┌──
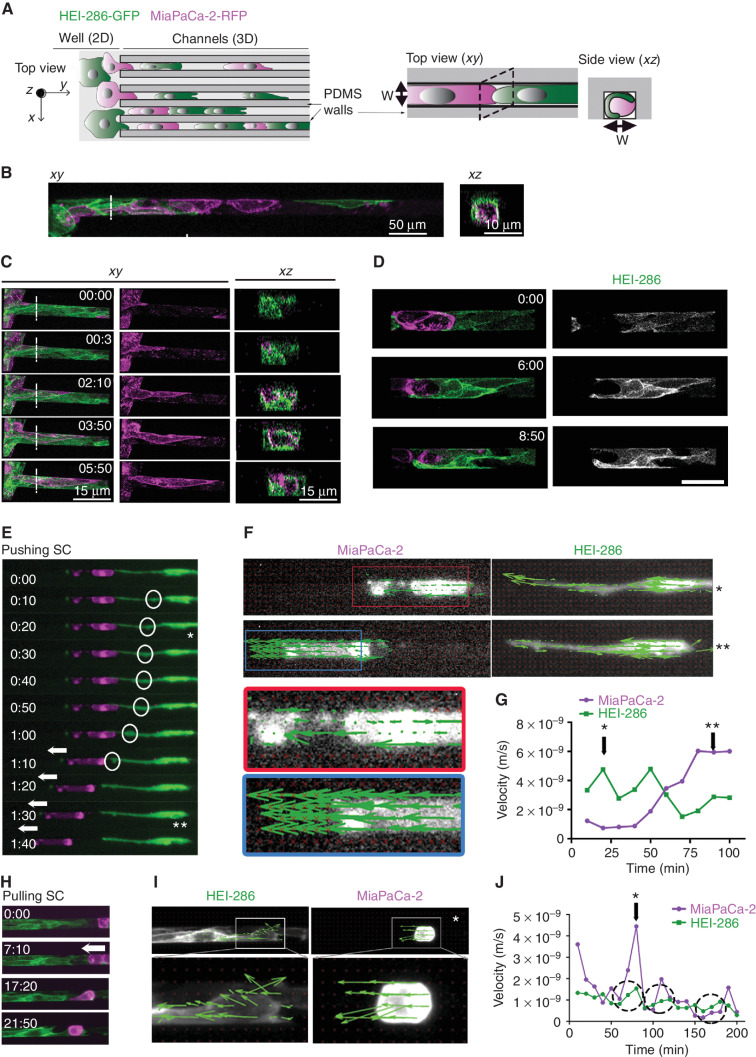 Figure 3. SCs form dynamic tracks for cancer cells. A, Schematic of microchannels with HEI-286 SCs (green) and MiaPaCa-2 cells (magenta). Both cell types are seeded in the adjacent well (left, 2D) and enter microchannels (3D) where they make contact with each other. PDMS, polydimethylsiloxane. B, Confocal images of HEI-286 SCs and MiaPaCa-2 within microchannels in longitudinal (xy) and transverse (xz) sections. Scale bars, 50 μm. C, Confocal images of time-lapse movies showing a cancer cell moving in a microchannel lined by HEI-286 SCs. Time is h:min. Scale bars, 15 μm. D, Confocal images of time-lapse movies showing an HEI-286 SC wrapping around a cancer cell. Scale bar, 50 μm. E, Fluorescent images of time-lapse movie showing an HEI-286 SC pushing a cancer cell. Arrows indicate cancer cell displacement. Circles indicate intracellular movement within the SC (* and ** are time points shown in E). F, Fluorescent images of an HEI-286 SC and cancer cell from E at two time points (* and **) overlaid with vectors obtained by PIV analysis indicating vector direction. G, Quantification of the mean instantaneous velocity of the HEI-286 SC and cancer cell in E, F, and G. Corresponding time points are indicated by * and **. H, Fluorescent images of time-lapse movie showing HEI-286 SCs pulling a cancer cell. Arrows indicate cancer cell displacement. I, Fluorescent images of the HEI-286 SCs and cancer cells from H at one time point (*) overlaid with vectors obtained by PIV analysis. J, Quantification of the mean instantaneous velocity. *, Corresponding time point in I. Dotted circles indicate periods with synchronized increases in velocity for both cancer cells and SCs.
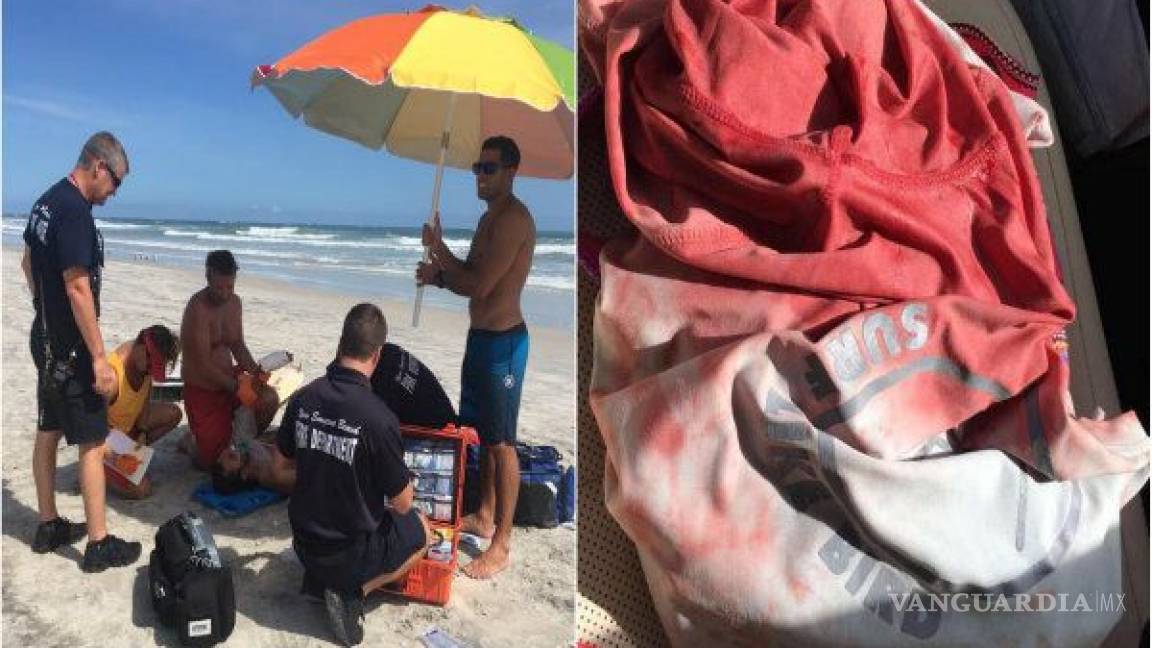 Tiburones atacan a tres surfistas en playa de Florida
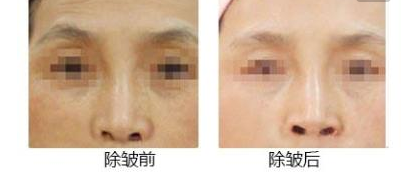 激光緊膚除皺效果怎么樣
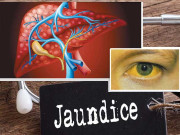 یرقان اسباب علامات اورعلاج کیا ہے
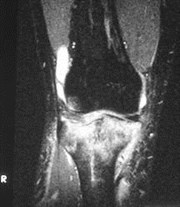 bone bruise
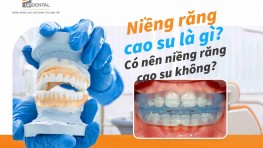 Niềng răng cao su là gì? Có nên niềng răng cao su không?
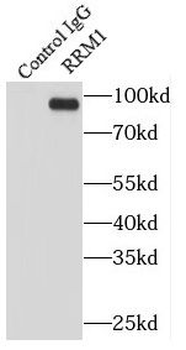 RRM1 Mouse Monoclonal Antibody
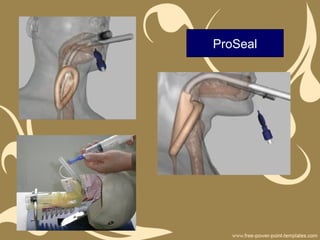 ProSeal
 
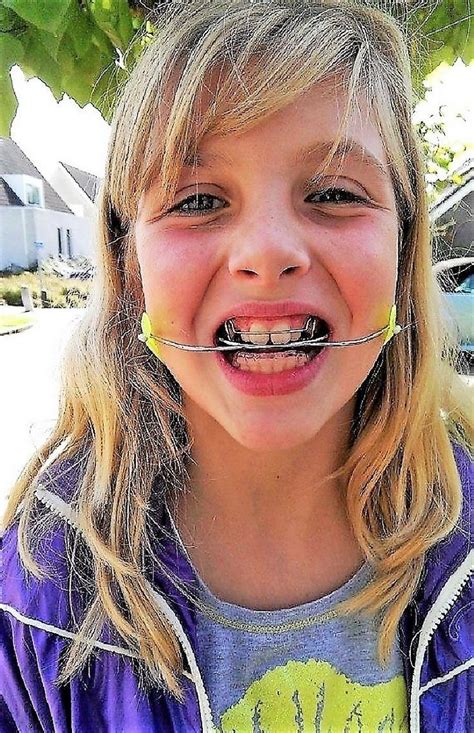dental braces teeth braces beautiful smile braces girls cleft lip lil girl hairstyles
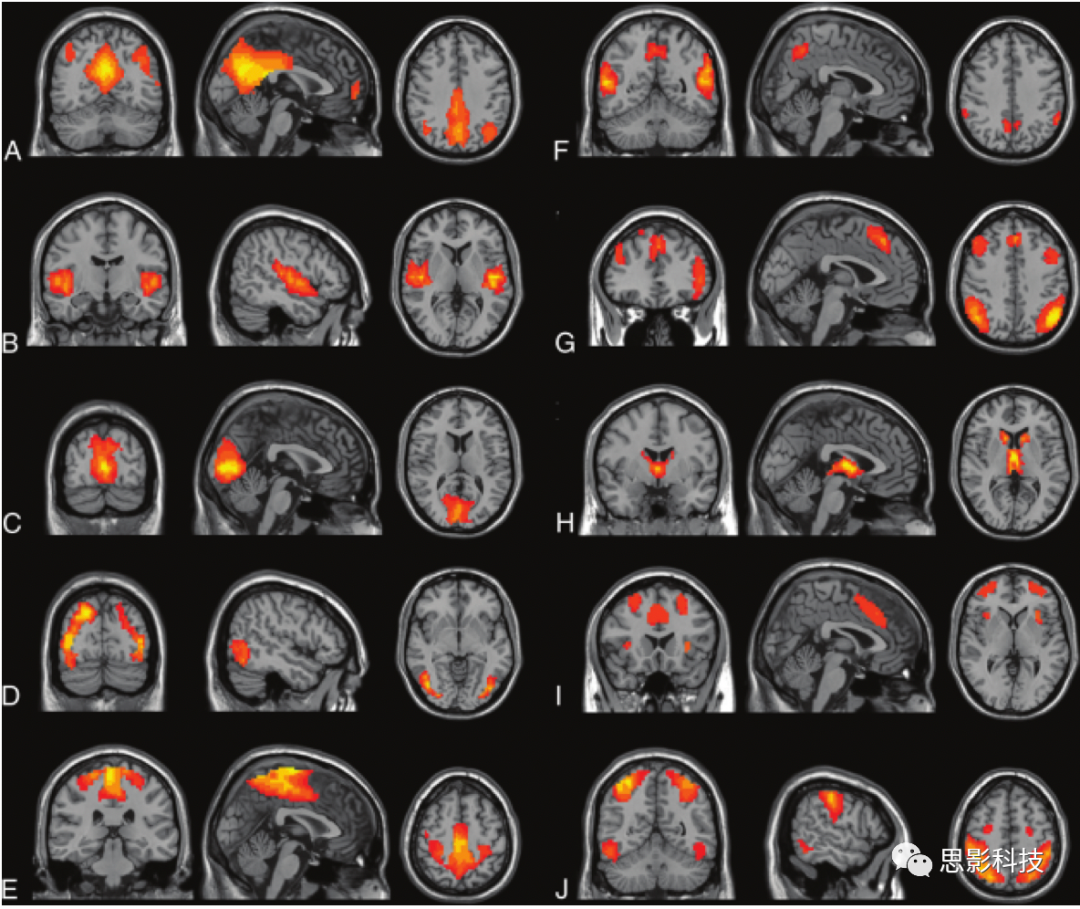 迄今最完整最高清人脑的7T磁共振成像，比临床头部图像详细1000倍_凤凰网视频_凤凰网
└──
WHAT TO DO. Without any of its images, the data above should be returned exactly.

FINISHED TASK.
 Figure 3. SCs form dynamic tracks for cancer cells. A, Schematic of microchannels with HEI-286 SCs (green) and MiaPaCa-2 cells (magenta). Both cell types are seeded in the adjacent well (left, 2D) and enter microchannels (3D) where they make contact with each other. PDMS, polydimethylsiloxane. B, Confocal images of HEI-286 SCs and MiaPaCa-2 within microchannels in longitudinal (xy) and transverse (xz) sections. Scale bars, 50 μm. C, Confocal images of time-lapse movies showing a cancer cell moving in a microchannel lined by HEI-286 SCs. Time is h:min. Scale bars, 15 μm. D, Confocal images of time-lapse movies showing an HEI-286 SC wrapping around a cancer cell. Scale bar, 50 μm. E, Fluorescent images of time-lapse movie showing an HEI-286 SC pushing a cancer cell. Arrows indicate cancer cell displacement. Circles indicate intracellular movement within the SC (* and ** are time points shown in E). F, Fluorescent images of an HEI-286 SC and cancer cell from E at two time points (* and **) overlaid with vectors obtained by PIV analysis indicating vector direction. G, Quantification of the mean instantaneous velocity of the HEI-286 SC and cancer cell in E, F, and G. Corresponding time points are indicated by * and **. H, Fluorescent images of time-lapse movie showing HEI-286 SCs pulling a cancer cell. Arrows indicate cancer cell displacement. I, Fluorescent images of the HEI-286 SCs and cancer cells from H at one time point (*) overlaid with vectors obtained by PIV analysis. J, Quantification of the mean instantaneous velocity. *, Corresponding time point in I. Dotted circles indicate periods with synchronized increases in velocity for both cancer cells and SCs.
 Tiburones atacan a tres surfistas en playa de Florida
 激光緊膚除皺效果怎么樣
 یرقان اسباب علامات اورعلاج کیا ہے
 bone bruise
 Niềng răng cao su là gì? Có nên niềng răng cao su không?
 RRM1 Mouse Monoclonal Antibody
 ProSeal
 
dental braces teeth braces beautiful smile braces girls cleft lip lil girl hairstyles
 迄今最完整最高清人脑的7T磁共振成像，比临床头部图像详细1000倍_凤凰网视频_凤凰网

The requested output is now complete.